Бывала у нас Мария Николаевна Полякова, она прежде работала с мамой в киевской опере, и ее дочери: моя однолетка — Ната Шпиллер, в будущем — прославленная солистка Большого театра, чудная певица, и ее старшая сестра Вера, она училась у моей мамы, но профессионально петь не захотела, хоть голос у нее был большой и красивый. Бывала известная в прошлом артистка театра Зимина-Цветкова с мужем — педагогом Киевской консерватории, бывали отличные киевские певцы и педагоги братья Поляевы — Константин и Федор. Ну и бывший товарищ мамы но киевской опере — баритон Энгелькрон, а также педагоги консерватории Шаповалова и Нагулина.

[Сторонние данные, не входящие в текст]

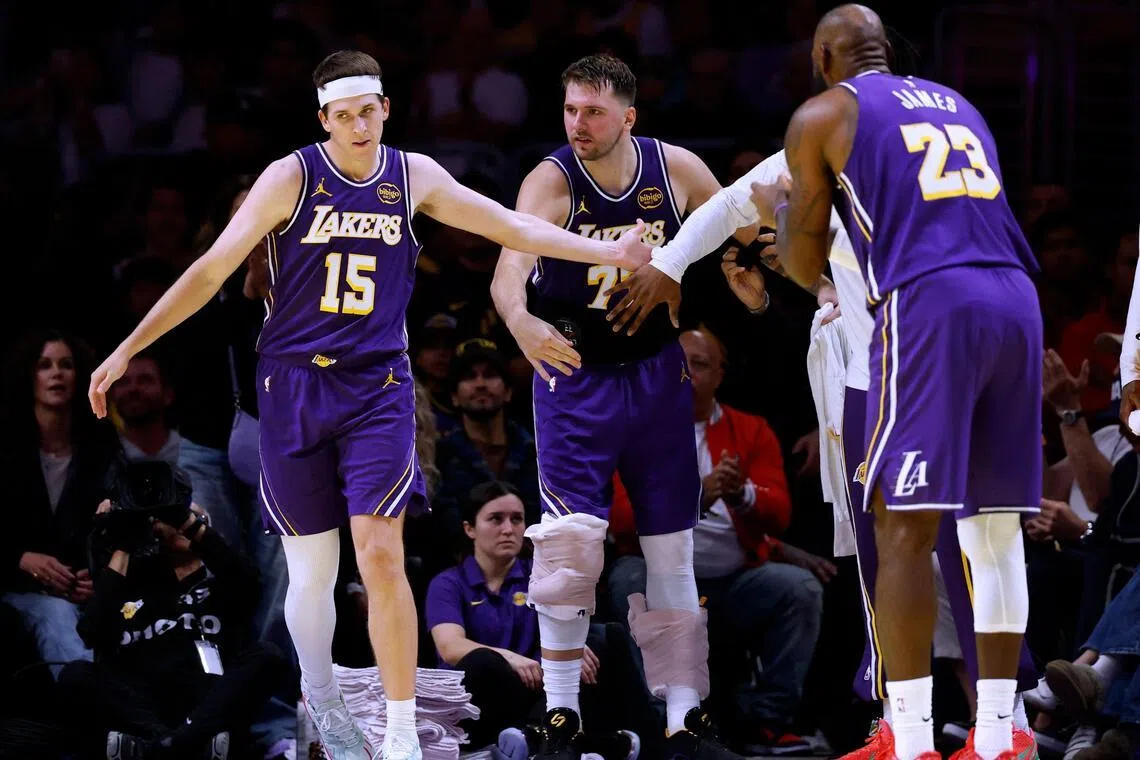 From left: Los Angeles Lakers' Austin Reaves celebrating his basket with Luka Doncic and LeBron James during their 135-118 win over the Los Angeles Clippers on Nov 25, 2025.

— Нагулина? Наталья Феликсовна?

— Да, ты ведь ее знаешь по Алма-Атинской консерватории. Много пела на этих вечерах Наталья Шпиллер. Пела и ее мать своим серебристым нежным голосом. Но больше всех пела моя мама.

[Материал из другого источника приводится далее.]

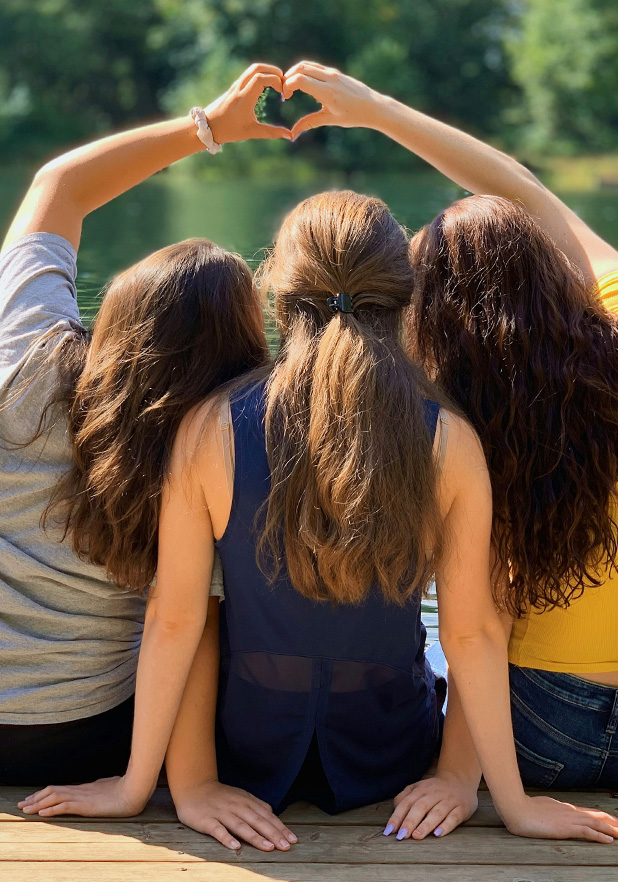 Three women facing away with hands in a heart shape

Вот послушай строки из письма-воспоминания Натальи Дмитриевны Шпиллер о моей маме: «Обладательница лирико-драматического сопрано, она восхищала тем, что, несмотря на могучий голос, он звучал по всему диапазону удивительно мягко, сочно, наполнение. Самый звук ее голоса волновал.

 

- 118 -

К тому же исполнение ее всегда было увлеченным. Она любила петь и пела охотно, уступая нашим настоятельным просьбам. Ощущение радости от звука этого роскошного голоса у меня сохранилось и по сей день».

Да, пение мамы хватало за сердце не только красотой голоса, но и выразительностью, силой передачи тех или иных чувств. Всегда мне грустно думать о том, что, если бы не семейные, да и разные другие обстоятельства, имя моей мамы осталось бы в веках наряду с самыми прославленными нашими певцами.

Вот на этом заканчиваю нашу с тобой «тысячу и одну ночь».

— Спасибо вам, тетя Ира. Очень грустно, что рассказ ваш остался незаконченным. Но я верю, что услышу продолжение его.